COBRA Continuation Coverage after a Merger or Acquisition
You just sold your business and half of your staff lost their jobs. Are you obligated to offer COBRA continuation coverage to those former employees? Perhaps.
When an employee loses their job, they may become eligible for COBRA. COBRA is the Consolidated Omnibus Budget Reconciliation Act, which gives certain former employees and their dependents access to continuing group health coverage under certain circumstances. There are three qualifying elements:
- Plan coverage: If an employer had 20 or more employees on at least 50 percent of the typical work days in the previous calendar year, and that employer offers a group health plan, then that group health plan is subject to COBRA. Each part-time employee counts as a fraction of an employee, depending upon the number of hours that employee works in a week.
- Qualified beneficiary: Anyone who was covered by the group health plan on the day before a qualifying event, including an employee or an employee’s spouse or dependent child, is a qualified beneficiary. In some cases, retired employees may be qualified, as well as their spouses and children.
- Qualifying event: Certain events that would cause a person to lose their health coverage count as qualifying events that would trigger COBRA eligibility, such as termination of employment or reduction in hours.
Often, in a merger and acquisition situation, some of the employees lose their jobs or have to reduce their hours. But which employer is responsible for offering COBRA health coverage? The buyer or the seller?
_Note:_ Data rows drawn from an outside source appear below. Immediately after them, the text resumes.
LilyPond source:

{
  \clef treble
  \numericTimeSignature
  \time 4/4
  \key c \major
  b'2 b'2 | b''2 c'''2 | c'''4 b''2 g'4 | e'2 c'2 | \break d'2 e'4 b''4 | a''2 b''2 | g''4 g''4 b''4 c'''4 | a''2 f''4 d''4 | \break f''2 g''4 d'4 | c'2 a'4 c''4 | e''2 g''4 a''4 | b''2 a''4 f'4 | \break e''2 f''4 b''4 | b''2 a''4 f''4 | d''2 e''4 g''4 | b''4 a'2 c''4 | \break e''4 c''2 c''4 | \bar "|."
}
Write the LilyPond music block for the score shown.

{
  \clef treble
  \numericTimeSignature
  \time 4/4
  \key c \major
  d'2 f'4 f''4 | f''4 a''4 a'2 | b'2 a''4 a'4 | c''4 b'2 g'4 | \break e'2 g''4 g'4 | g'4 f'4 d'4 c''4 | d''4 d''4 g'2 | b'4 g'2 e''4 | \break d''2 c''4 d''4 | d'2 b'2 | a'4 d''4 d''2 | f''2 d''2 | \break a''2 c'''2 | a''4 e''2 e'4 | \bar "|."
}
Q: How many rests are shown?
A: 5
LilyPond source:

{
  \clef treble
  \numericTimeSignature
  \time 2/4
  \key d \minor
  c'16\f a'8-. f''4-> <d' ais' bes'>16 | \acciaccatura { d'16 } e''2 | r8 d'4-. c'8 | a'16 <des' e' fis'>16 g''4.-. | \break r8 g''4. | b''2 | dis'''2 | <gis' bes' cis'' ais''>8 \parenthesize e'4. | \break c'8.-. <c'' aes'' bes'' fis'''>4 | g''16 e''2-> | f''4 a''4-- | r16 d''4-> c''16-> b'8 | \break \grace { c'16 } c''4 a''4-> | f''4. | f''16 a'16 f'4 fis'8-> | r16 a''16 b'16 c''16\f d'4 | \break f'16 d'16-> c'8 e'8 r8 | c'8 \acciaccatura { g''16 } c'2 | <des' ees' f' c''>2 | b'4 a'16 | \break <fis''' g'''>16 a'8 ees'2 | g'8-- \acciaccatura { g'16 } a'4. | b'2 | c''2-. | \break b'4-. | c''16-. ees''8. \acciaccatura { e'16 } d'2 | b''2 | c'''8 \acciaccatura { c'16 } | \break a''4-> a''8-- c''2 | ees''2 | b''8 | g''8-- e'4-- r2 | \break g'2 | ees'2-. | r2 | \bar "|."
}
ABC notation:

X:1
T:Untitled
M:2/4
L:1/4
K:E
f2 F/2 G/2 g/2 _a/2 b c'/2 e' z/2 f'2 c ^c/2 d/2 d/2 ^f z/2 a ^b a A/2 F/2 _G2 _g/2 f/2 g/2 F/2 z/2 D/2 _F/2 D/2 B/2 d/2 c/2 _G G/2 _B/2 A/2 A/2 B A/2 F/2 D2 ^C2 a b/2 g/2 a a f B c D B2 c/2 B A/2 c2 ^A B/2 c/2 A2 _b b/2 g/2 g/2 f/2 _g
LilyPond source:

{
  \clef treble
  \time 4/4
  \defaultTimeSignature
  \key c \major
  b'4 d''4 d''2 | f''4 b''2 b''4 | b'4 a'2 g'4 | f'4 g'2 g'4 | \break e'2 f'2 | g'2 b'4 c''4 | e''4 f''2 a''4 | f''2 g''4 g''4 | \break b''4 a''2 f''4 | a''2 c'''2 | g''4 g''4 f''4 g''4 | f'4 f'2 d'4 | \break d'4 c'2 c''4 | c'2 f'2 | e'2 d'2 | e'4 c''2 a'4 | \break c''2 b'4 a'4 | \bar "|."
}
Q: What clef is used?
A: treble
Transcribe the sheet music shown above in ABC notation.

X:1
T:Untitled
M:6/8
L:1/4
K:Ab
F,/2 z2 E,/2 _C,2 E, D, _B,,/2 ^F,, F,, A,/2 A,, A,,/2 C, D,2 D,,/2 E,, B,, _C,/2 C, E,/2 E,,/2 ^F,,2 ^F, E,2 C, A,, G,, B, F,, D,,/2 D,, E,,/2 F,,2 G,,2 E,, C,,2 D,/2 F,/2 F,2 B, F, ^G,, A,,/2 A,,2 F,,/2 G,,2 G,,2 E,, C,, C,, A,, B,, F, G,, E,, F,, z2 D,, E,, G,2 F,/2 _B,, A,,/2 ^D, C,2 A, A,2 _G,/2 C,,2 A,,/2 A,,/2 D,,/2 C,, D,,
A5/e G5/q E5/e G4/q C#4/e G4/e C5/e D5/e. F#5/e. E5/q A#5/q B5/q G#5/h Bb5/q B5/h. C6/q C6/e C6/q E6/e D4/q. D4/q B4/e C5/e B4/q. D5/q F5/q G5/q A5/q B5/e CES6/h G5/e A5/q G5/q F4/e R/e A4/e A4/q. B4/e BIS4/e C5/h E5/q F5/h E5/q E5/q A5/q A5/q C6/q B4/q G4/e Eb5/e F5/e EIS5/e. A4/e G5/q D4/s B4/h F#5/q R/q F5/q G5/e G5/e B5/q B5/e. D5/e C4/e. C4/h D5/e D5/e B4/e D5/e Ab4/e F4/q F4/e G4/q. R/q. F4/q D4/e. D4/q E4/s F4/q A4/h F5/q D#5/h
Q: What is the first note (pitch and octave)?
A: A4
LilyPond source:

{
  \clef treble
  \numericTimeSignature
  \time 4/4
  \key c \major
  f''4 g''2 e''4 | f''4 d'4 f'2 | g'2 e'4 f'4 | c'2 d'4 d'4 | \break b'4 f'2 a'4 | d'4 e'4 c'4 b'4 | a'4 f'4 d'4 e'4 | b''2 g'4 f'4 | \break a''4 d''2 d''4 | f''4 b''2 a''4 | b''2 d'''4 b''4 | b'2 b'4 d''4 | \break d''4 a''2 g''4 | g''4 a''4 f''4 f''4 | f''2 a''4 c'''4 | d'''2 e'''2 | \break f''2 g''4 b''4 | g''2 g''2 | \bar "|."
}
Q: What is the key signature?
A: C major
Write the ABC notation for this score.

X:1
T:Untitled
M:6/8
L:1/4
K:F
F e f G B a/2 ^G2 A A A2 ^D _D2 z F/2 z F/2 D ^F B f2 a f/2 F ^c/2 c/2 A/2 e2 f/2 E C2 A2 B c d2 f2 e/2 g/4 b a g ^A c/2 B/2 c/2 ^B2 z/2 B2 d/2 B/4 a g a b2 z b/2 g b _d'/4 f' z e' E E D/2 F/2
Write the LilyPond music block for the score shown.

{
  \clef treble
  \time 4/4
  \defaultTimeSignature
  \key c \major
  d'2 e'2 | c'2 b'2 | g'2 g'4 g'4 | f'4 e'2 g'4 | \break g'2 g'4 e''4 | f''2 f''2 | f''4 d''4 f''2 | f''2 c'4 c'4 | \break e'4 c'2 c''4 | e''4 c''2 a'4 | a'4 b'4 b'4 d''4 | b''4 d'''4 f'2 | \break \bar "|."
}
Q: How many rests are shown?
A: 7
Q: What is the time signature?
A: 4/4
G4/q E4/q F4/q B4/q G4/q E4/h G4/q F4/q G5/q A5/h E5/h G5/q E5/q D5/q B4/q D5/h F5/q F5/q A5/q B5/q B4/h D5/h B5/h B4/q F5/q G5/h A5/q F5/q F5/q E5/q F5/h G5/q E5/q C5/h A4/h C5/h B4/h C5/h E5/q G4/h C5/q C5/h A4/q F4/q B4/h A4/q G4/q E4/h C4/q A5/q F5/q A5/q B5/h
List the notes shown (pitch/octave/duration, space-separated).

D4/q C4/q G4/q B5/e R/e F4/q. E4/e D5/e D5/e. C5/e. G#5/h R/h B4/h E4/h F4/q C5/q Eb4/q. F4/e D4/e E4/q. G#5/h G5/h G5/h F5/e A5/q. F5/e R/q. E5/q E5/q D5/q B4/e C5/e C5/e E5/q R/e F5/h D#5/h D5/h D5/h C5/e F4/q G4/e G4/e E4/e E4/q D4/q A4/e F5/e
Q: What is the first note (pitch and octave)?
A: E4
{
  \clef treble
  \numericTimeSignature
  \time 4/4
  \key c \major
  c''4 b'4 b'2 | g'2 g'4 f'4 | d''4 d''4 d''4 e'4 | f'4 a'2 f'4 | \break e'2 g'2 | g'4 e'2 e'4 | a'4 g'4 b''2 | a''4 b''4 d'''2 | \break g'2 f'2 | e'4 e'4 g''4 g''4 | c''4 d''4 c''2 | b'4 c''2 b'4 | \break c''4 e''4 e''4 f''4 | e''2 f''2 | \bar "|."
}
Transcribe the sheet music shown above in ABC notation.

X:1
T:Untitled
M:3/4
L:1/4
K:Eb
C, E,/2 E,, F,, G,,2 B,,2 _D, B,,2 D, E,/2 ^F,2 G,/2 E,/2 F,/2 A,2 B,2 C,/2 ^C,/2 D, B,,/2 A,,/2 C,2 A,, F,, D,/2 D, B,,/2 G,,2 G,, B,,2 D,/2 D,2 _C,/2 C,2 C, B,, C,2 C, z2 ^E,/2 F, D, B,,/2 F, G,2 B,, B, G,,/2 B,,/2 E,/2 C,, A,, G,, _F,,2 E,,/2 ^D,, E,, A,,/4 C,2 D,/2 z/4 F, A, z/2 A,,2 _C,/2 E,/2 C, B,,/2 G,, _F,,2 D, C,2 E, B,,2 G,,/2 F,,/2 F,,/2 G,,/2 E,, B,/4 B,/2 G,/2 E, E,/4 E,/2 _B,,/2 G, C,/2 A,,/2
Let’s look at a few different scenarios to answer that question.
The Contract Rules
If you are thinking of either selling your business or acquiring another one, you will want to figure out your responsibilities in regard to COBRA before finalizing your M&A plans.
Talk to an attorney about including COBRA language in the M&A contract. The two parties are always free to negotiate COBRA responsibilities as part of the sale, and whatever the contract says, goes.
If the Contract Is Silent on COBRA Responsibility
Perhaps your M&A deal has already been negotiated, or you chose not to include COBRA language in the contract for some other reason. If the M&A contract does not spell out which party will take responsibility for covering COBRA benefits, IRS guidelines assign responsibility.
The Seller Maintains a Group Health Plan After the Sale
As long as the seller is still offering a group health plan at all, then that group health plan is obligated to offer COBRA continuation coverage to any qualified beneficiary who lost their health coverage as a result of the M&A.
The Seller Does Not Maintain a Group Health Plan After the Sale
In mergers and acquisitions, there are two possible types of sales: stock sales and asset sales. If the seller stops offering a group health plan, and that decision is a result of the sale, the IRS has two different sets of rules for assigning COBRA responsibility based on the type of sale.
Stock Sale
The buyer’s group health plan must offer COBRA continuation coverage to any M&A qualified beneficiaries when the seller stops offering group health insurance after a stock sale. The buyer’s responsibility begins on the date of the sale, or the date the seller stops offering their group plan, whichever comes last. So even if the seller doesn’t cancel their group health plan until after the sale, the buyer will still pick up responsibility.
Asset Sale
In the case of an asset sale, the buyer becomes a successor employer to the selling group and their group insurance plan must offer COBRA coverage to qualified employees when ALL of the following conditions are met:
- The seller stops offering a group health plan to any employees connected with the sale.
- The buyer continues the same business operations that go along with the assets they purchased.
- Those business operations continue without interruption or substantial change.
If all three of these conditions are met, it doesn’t matter whether or not the asset sale was related to a bankruptcy claim. When another company purchases those assets, the buyer becomes the successor employer.
A Word of Warning
Even if both the buyer and seller agree to COBRA coverage responsibility in their contract, sometimes one of the parties fails to follow through. For example, let’s say Company A wants to acquire Company B. A purchases a chunk B’s business in a stock sale but insists that B must be responsible for COBRA continuation coverage. B agrees, and they write those terms into the M&A contract.
Three months later, B takes a big financial hit. They decide to sell off the rest of the business, and they stop offering their group health plan. At this point, A would assume COBRA responsibility, even though they have a contract that says otherwise.